** What is being asked **
Return the full listing below, unchanged.

Material to process section start

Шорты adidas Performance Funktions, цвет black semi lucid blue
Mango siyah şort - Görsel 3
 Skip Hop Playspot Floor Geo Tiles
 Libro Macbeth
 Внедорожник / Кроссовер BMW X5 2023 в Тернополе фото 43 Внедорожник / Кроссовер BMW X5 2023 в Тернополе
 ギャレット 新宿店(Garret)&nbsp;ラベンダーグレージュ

Material to process section end

** Result **
Шорты adidas Performance Funktions, цвет black semi lucid blue
Mango siyah şort - Görsel 3
 Skip Hop Playspot Floor Geo Tiles
 Libro Macbeth
 Внедорожник / Кроссовер BMW X5 2023 в Тернополе фото 43 Внедорожник / Кроссовер BMW X5 2023 в Тернополе
 ギャレット 新宿店(Garret)&nbsp;ラベンダーグレージュ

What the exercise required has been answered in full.